DIRECTIONS FOR THIS TASK —
Leaving the pictures aside, transcribe the data below exactly.

::: AVAILABLE DATA :::

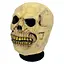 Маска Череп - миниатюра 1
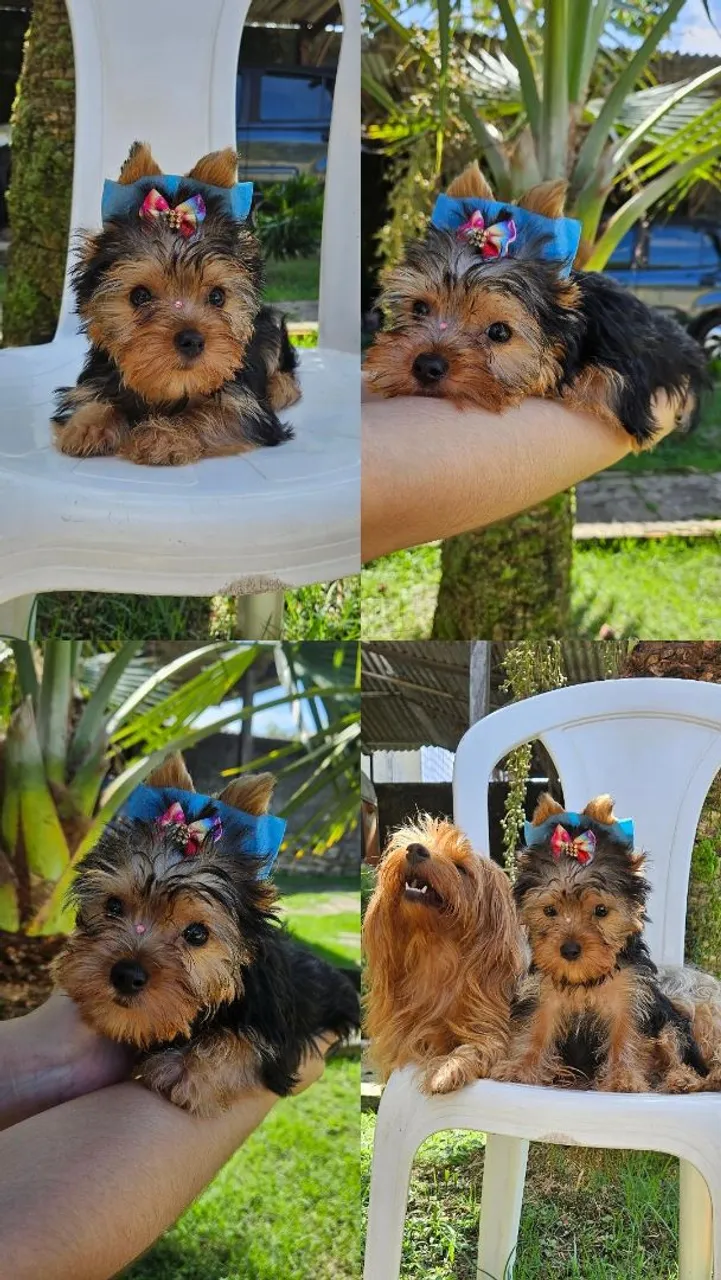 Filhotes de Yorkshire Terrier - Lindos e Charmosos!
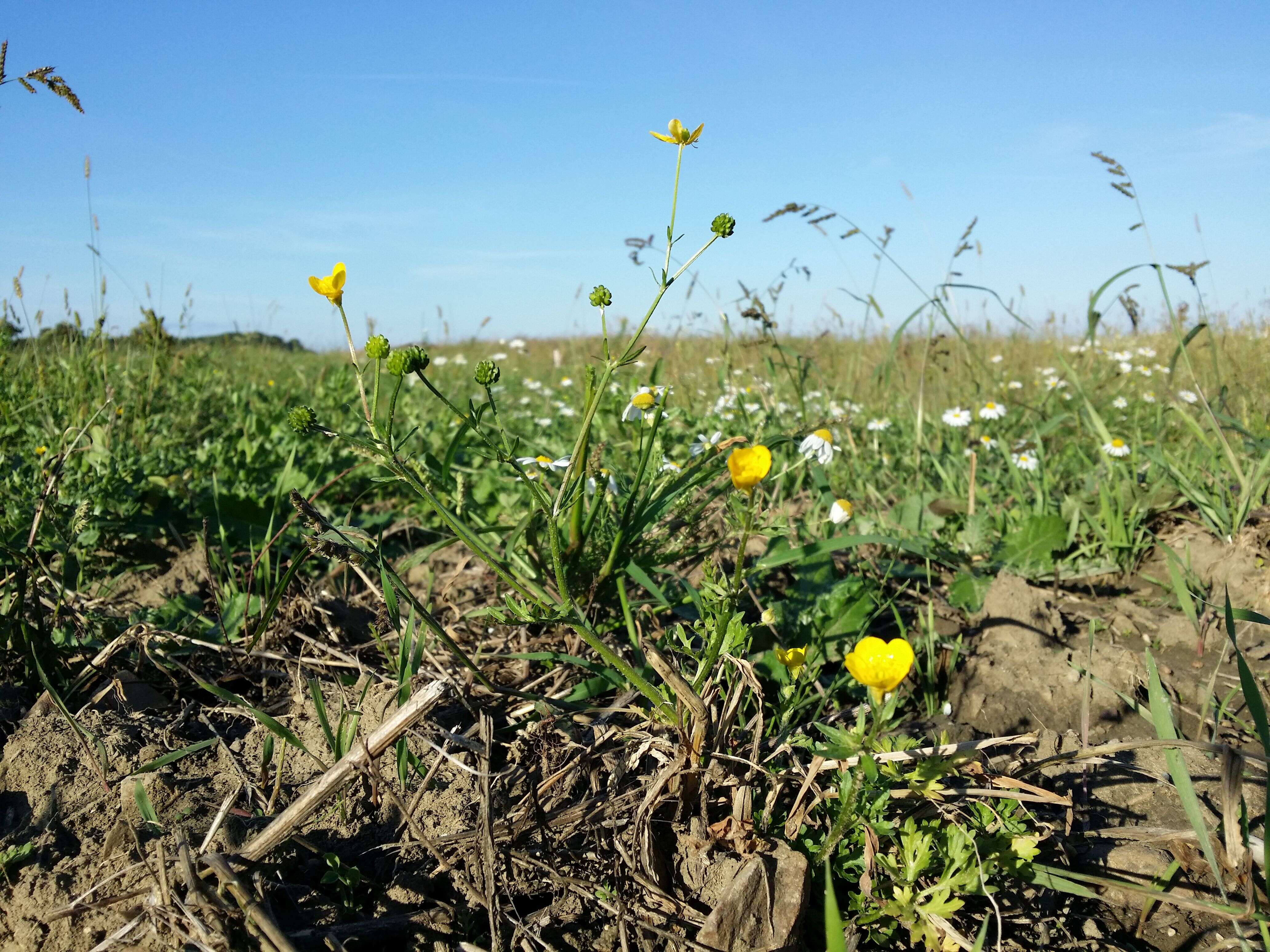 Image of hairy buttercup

:::

SOLUTION FOR THIS TASK —
 Маска Череп - миниатюра 1
 Filhotes de Yorkshire Terrier - Lindos e Charmosos!
 Image of hairy buttercup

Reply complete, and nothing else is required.